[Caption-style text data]
━━━━━━━━━━━━━━━━
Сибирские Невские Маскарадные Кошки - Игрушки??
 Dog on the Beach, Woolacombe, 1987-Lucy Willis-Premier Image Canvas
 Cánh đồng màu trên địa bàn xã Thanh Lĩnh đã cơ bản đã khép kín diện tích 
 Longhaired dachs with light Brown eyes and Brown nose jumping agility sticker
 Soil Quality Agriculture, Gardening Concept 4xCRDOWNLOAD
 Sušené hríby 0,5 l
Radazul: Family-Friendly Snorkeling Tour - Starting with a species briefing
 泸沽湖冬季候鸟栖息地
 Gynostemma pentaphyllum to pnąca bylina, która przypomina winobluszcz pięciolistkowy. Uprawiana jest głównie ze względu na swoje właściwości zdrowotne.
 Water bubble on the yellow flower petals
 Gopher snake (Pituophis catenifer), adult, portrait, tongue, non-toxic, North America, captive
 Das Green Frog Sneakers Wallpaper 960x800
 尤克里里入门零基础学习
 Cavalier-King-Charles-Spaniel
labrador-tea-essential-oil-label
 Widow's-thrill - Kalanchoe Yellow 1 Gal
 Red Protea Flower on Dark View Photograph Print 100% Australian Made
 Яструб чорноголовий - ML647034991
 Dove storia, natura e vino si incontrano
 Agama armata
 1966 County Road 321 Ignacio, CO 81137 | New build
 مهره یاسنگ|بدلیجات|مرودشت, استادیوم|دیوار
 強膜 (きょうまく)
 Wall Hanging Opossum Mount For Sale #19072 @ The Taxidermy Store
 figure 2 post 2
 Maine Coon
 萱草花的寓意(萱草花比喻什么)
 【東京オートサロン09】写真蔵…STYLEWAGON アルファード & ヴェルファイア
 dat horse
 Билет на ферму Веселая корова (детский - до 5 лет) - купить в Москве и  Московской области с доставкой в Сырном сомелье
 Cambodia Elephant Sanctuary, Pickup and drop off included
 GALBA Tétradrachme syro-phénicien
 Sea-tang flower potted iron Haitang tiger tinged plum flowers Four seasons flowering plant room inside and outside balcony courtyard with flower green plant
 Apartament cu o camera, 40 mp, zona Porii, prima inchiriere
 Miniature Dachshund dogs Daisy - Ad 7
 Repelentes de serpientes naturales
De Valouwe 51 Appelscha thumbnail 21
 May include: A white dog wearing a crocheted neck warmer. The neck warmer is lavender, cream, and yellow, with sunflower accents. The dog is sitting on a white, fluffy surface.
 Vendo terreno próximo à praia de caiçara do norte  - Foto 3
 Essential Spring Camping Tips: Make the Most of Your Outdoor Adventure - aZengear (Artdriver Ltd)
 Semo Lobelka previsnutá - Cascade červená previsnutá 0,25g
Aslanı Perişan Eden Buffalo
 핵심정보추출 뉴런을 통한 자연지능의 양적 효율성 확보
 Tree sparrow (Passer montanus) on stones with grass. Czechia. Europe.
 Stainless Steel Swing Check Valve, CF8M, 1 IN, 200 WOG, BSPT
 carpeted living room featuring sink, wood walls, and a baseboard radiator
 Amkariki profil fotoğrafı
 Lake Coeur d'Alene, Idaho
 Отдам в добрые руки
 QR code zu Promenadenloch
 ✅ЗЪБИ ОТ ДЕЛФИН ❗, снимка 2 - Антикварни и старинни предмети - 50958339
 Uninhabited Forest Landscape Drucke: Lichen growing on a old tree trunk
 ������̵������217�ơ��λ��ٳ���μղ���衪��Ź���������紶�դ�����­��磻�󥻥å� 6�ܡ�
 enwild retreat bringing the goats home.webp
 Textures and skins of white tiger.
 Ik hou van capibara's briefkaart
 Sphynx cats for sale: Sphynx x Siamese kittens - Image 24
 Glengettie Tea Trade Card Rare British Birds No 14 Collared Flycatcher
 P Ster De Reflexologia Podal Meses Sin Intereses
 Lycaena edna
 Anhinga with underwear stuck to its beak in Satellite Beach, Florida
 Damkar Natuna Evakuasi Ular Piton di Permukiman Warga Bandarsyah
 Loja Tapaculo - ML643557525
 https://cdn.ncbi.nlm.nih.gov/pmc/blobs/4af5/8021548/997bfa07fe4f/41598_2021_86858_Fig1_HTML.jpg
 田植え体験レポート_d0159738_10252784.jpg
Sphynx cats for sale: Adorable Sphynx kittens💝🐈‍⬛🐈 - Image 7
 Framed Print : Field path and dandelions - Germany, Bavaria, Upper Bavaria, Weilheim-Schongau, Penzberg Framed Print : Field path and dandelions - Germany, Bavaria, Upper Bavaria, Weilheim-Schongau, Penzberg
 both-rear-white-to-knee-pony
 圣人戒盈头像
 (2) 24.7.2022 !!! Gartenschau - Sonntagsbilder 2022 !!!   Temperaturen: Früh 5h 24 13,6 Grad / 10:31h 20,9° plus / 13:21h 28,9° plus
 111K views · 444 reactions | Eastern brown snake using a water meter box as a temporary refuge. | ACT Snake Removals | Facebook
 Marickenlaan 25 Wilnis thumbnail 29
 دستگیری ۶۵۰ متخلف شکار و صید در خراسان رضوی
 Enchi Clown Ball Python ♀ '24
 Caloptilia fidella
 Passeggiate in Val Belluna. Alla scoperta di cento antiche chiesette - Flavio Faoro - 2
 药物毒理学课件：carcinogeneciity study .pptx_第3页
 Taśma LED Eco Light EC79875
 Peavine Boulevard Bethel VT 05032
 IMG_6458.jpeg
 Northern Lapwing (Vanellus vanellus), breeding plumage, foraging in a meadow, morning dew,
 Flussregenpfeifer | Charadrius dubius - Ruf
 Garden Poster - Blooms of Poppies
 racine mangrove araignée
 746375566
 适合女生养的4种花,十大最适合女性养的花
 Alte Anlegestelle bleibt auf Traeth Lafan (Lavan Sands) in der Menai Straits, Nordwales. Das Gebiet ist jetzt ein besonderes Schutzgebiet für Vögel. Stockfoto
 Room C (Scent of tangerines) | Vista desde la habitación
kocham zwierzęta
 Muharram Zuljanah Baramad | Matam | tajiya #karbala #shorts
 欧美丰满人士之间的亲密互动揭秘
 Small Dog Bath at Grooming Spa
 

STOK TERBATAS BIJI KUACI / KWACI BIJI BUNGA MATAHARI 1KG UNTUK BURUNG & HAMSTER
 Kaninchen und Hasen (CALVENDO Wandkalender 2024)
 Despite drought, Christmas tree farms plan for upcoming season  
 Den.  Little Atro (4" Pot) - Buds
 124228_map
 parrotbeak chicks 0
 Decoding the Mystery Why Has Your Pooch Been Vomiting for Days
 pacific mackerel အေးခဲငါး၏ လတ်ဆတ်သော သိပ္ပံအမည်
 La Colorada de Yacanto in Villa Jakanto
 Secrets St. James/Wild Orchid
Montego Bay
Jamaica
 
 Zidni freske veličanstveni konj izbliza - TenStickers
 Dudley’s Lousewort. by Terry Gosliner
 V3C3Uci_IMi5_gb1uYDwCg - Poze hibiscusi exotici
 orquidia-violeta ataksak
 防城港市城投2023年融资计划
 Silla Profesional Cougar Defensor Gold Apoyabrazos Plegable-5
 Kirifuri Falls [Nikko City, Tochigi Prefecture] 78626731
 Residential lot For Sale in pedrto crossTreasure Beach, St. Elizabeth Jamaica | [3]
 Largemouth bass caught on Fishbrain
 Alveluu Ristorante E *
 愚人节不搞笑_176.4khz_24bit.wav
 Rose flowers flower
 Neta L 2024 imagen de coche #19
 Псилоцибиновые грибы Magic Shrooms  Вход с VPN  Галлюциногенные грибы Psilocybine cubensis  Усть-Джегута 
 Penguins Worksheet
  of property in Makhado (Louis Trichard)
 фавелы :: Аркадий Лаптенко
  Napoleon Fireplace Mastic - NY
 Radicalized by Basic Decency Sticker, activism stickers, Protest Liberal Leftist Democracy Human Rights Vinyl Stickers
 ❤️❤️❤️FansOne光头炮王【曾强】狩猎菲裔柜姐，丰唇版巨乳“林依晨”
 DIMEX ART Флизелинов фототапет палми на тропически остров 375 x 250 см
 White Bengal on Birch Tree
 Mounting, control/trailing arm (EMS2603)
━━━━━━━━━━━━━━━━
▶ **EXERCISE BRIEF**: Please report every line of the records above that contains the word "cats".

▶ **WRITTEN ANSWER**:
 Sphynx cats for sale: Sphynx x Siamese kittens - Image 24
Sphynx cats for sale: Adorable Sphynx kittens💝🐈‍⬛🐈 - Image 7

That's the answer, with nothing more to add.